Still, this is bizzarre, and I hope somebody in the Methodist Church is looking into it.
Now Catholic mothers scare their children with present day tales of the 'Sandino' Jesuits. Although, I understand Sandino wasn't a half-bad chap.
Bump, and beautiful picture, as usual.
I have attended Catholic mass and find myself quite comfortable, except for the differences in rituals and the elevation of Mary rather than Jesus.
If fact, in the Methodist ritual, the "Holy Catholic Church' is given a lot of praise.
It was my opinion that the Methodist's do have a Wesleyan branch that I frankly am not at all familiar with.
But really, I see only these aforementioned differences between what I experience in todays UMC and todays Catholic Mass. At least the ones I have attended.
All of those things make them marginally Protestant.
Yes, I understand all that, but I was referencing more the roots of all of of it in the catholic church on this side of church evolution.
Personally, I am more of a Deist, and I do not accept the teachings of just one religion. I look for knowledge in all of them, or more specifically, I may reject some or all of some of them.
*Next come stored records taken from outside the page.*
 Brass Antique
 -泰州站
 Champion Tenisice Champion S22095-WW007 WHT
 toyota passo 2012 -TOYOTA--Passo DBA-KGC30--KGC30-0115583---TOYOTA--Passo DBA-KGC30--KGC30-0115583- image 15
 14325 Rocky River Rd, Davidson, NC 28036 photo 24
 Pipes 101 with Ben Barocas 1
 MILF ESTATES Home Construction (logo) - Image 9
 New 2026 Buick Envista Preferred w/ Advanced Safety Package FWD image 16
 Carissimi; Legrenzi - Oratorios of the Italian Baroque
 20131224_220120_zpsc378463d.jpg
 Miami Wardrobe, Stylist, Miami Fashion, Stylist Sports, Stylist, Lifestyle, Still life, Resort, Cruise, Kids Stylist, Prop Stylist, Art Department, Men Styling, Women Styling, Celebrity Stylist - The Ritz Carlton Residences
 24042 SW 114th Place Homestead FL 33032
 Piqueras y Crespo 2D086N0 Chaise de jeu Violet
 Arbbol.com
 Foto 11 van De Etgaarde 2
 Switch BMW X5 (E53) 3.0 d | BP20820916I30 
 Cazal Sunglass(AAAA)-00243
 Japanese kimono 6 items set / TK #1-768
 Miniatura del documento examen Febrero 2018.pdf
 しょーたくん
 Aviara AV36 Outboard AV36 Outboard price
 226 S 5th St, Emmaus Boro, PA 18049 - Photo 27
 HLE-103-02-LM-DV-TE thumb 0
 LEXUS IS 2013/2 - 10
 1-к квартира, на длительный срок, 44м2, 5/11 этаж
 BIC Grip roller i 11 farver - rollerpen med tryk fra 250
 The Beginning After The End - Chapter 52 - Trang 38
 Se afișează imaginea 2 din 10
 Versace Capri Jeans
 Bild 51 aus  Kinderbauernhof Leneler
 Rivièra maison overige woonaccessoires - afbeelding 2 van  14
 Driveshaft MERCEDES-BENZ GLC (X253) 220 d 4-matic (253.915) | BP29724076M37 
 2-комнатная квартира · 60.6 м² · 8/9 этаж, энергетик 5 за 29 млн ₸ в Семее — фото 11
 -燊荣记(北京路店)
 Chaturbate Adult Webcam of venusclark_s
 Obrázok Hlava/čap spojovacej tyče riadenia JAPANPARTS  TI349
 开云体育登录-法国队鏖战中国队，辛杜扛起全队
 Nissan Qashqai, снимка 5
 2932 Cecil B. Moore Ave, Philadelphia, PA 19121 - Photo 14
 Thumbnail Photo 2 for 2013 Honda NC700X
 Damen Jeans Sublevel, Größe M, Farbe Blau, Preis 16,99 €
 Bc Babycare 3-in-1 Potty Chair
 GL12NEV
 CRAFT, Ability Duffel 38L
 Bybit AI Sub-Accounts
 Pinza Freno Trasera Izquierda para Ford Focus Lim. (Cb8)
I suppose I am a bit weird regarding my allegiances, or lack of them.
I thought perhaps it was not a good thing and tried like heck to find a religion I was comfortable with, but to no avail.
I think they all have good and bad, and I think they all have something positive to give to their membership and the community.
I suppose that gives me a different perspective of differences between them and it is unaffected by and past history.
My Grandparents were Orthodox Roman Catholics, My Mother was a Southern Baptist, my father a excommunicated Catholic and I was raised Methodist. :-)
Despite the radicalism of early Protestantism with regard to many ancient Catholic "distinctives," such as the Communion of the Saints, Penance, Purgatory, Infused Justification, the Papacy, the priesthood, sacramental marriage, etc., it may surprise many to discover that Martin Luther was rather conservative in some of his doctrinal views, such as on baptismal regeneration, the Eucharist, and particularly the Blessed Virgin Mary.
Really? How do you suppose they will address this with the Mexican 'converts', the majority of which come from a Catholic background and hold great devotion to Our Lady of Guadeloupe, as well as St. Juan Diego.
Perhaps you underestimate the power of Christ's mother who draws believers towards her Son. That IS her mission. She is not a goddess. Rather, she is the mother of God Incarnate, blessed by His name! Our mother, because her Son entrusted her to you and me.
President Bush is a Methodist. However, even he has a picture of the Blessed Mother in his private quarters.
I know. Plus Jeb and Columba went on a road trip during Bush v. Gore. Care to guess where :-)
I'm game ... the Shrine of Our Lady of Guadeloupe in Mexico?
An Icon of the Theotokos, no less; not merely a picture!